A legislação ambiental brasileira protege esses animais desde 1967, mas a fiscalização governamental nunca foi eficiente. Nos anos 1970, quando esses projetos comunitários foram iniciados, as populações de tartarugas apresentavam níveis alarmantes na região.
"Ao incluir moradores locais nas práticas de conservação, podemos aumentar a efetividade dos resultados de conservação e melhorar o bem-estar local", acredita o cientista João Campos-Silva, do Instituto de Ciências Biológicas e da Saúde da Universidade Federal de Alagoas, um dos autores da pesquisa.
O rio Juruá nasce no Peru e deságua na região em que o Amazonas é mais conhecido como Solimões. Tem 3 mil quilômetros e é muito sinuoso. Os pesquisadores analisaram um trecho 1,5 mil quilômetros. O programa de proteção de praias ao longo do Juruá faz parte do maior esforço de conservação de base comunitária da Amazônia.
As praias são protegidas por vigilantes locais 24h por dia durante toda a época reprodutiva das tartarugas – cinco meses por ano.
"Nosso estudo demonstra claramente a eficácia do empoderamento de ações de gestão local em locais de conservação", afirma o professor Carlos Peres, da Escola de Ciências Ambientais da Universidade de East Anglia, um dos autores do trabalho. "Praias protegidas por comunidades locais se transformam em ilhas barulhentas de alta biodiversidade cercadas por praias desprotegidas e sem vida, vazias e silenciosas", compara.
"Delegar a um punhado de funcionários do governo, geralmente residentes em centros urbanos, a proteção de 5 milhões de quilômetros quadrados de rios e florestas amazônicas é, na melhor das hipóteses, uma batalha perdida", compara Peres. Ele diz acreditar que as evidências do presente estudo ajudem a convencer as esferas governamentais a subsidiar cada vez mais programas comunitários de preservação – segundo o professor, "fundamentais para o sucesso da restauração ecológica".

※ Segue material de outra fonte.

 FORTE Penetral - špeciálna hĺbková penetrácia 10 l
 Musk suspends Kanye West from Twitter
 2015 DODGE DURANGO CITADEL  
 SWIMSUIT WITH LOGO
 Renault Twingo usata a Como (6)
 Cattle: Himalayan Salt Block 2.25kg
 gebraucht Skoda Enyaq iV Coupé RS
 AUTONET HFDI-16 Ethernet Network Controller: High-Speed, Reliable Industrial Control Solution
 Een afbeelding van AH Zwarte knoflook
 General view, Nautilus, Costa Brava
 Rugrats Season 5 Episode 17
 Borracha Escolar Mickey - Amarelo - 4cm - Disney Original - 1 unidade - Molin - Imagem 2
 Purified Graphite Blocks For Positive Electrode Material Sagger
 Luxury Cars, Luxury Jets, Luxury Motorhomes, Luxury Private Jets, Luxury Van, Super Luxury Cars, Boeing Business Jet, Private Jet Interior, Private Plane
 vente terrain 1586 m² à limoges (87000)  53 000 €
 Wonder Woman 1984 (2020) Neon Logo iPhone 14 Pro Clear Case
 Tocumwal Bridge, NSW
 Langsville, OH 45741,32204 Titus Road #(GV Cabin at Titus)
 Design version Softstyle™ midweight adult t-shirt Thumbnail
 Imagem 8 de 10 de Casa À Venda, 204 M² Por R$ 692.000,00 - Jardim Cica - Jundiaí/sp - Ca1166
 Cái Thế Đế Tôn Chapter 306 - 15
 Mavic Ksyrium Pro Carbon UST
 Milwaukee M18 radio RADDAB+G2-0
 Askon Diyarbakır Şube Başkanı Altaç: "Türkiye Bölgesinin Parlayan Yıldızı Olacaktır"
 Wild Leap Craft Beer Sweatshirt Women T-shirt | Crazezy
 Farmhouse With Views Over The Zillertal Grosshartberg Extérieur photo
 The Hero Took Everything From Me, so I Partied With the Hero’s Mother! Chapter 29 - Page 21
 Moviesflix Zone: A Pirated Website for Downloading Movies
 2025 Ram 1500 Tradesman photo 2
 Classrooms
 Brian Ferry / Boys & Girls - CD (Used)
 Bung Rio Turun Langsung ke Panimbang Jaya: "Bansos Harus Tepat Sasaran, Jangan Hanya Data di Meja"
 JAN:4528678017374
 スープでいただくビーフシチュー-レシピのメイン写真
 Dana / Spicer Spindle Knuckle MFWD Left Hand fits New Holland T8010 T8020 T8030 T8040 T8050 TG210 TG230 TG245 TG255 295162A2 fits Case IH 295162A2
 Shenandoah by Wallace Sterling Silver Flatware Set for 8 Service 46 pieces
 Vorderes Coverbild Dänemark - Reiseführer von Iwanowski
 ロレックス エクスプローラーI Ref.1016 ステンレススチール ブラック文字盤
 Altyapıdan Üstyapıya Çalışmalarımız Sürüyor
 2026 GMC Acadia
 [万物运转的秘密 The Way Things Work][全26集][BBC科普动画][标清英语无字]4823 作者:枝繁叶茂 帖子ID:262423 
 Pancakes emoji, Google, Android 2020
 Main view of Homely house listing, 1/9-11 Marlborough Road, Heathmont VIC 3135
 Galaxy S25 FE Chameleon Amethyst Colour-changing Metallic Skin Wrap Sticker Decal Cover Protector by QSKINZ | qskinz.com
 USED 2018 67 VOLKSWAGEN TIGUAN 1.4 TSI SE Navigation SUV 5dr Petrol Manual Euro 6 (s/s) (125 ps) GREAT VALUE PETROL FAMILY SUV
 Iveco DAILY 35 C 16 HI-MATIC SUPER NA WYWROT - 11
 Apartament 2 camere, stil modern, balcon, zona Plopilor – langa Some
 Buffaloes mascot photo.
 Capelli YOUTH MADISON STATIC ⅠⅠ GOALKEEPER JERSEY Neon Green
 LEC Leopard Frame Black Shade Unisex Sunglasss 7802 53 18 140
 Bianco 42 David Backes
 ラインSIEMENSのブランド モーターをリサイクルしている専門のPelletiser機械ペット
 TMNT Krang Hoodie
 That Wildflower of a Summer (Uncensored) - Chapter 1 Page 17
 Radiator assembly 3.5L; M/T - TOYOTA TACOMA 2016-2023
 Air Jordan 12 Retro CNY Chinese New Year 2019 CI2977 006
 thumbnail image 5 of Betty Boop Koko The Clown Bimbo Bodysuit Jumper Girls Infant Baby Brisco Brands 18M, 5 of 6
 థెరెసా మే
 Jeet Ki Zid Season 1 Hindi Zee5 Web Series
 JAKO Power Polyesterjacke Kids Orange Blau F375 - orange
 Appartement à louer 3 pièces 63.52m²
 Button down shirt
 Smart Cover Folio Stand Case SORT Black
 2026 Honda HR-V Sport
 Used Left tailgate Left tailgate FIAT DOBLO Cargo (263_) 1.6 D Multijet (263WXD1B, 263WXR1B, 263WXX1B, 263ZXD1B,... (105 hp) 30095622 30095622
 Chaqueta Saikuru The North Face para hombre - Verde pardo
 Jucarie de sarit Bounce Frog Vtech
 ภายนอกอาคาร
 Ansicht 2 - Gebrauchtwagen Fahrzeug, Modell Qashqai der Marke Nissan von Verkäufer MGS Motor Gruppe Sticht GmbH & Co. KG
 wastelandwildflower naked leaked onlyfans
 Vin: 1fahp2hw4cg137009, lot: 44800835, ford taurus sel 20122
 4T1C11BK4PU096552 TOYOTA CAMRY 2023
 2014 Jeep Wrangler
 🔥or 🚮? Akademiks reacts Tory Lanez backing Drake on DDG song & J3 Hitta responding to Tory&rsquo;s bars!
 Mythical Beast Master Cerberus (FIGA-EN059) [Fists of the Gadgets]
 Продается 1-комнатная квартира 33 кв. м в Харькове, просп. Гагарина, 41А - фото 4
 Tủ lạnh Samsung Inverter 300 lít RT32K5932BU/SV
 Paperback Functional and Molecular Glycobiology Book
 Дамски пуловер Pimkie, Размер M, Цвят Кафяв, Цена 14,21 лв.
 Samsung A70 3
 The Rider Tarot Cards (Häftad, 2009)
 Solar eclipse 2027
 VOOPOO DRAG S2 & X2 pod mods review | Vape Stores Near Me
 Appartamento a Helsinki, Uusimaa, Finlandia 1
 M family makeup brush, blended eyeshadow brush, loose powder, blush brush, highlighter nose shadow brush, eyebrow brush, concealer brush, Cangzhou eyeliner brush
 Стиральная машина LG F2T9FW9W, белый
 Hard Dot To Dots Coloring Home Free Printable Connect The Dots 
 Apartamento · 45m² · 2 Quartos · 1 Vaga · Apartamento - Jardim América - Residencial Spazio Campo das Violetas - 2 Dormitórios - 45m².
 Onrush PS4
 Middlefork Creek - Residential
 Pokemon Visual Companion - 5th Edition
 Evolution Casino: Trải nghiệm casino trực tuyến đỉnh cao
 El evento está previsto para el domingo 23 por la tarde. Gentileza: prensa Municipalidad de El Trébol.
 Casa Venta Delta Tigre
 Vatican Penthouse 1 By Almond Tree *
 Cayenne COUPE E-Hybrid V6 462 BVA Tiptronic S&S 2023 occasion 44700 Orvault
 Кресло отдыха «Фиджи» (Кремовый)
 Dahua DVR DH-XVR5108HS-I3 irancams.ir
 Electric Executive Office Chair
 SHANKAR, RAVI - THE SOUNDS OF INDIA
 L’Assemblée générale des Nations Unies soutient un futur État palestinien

"Acionadas e subsidiadas, essas poderosas alianças 'ganha-ganha' com comunidades locais podem garantir o bem-estar delas e manter a vigilância coletiva em busca da integridade da maior região tropical do mundo", completa.
Os projetos que hoje funcionam na Amazônia são organizados por ONGs e pela autarquia federal Instituto Chico Mendes de Conservação da Biodiversidade (ICMBio). Os ribeirinhos participantes recebem ajuda de custo, na forma de cestas básicas, para atuar na conservação.
De acordo com os acadêmicos, que entrevistaram 40 participantes do projeto, a ajuda atual é de uma cesta básica por mês. O que, considerando os cinco meses do programa, equivale a US$ 110 por vigilante. Os pesquisadores calculam que, portanto, nos últimos cinco anos, cada filhote de tartaruga brasileira custou apenas 3 centavos de dólar ao governo e às instituições parceiras de projetos assim.
A região do Médio Juruá também é atendida pelo programa governamental Bolsa Verde, instituído pelo governo de Dilma Rousseff em 2011. Os participantes devem promover atividades de conservação ambiental para ganharem R$ 300 a cada três meses.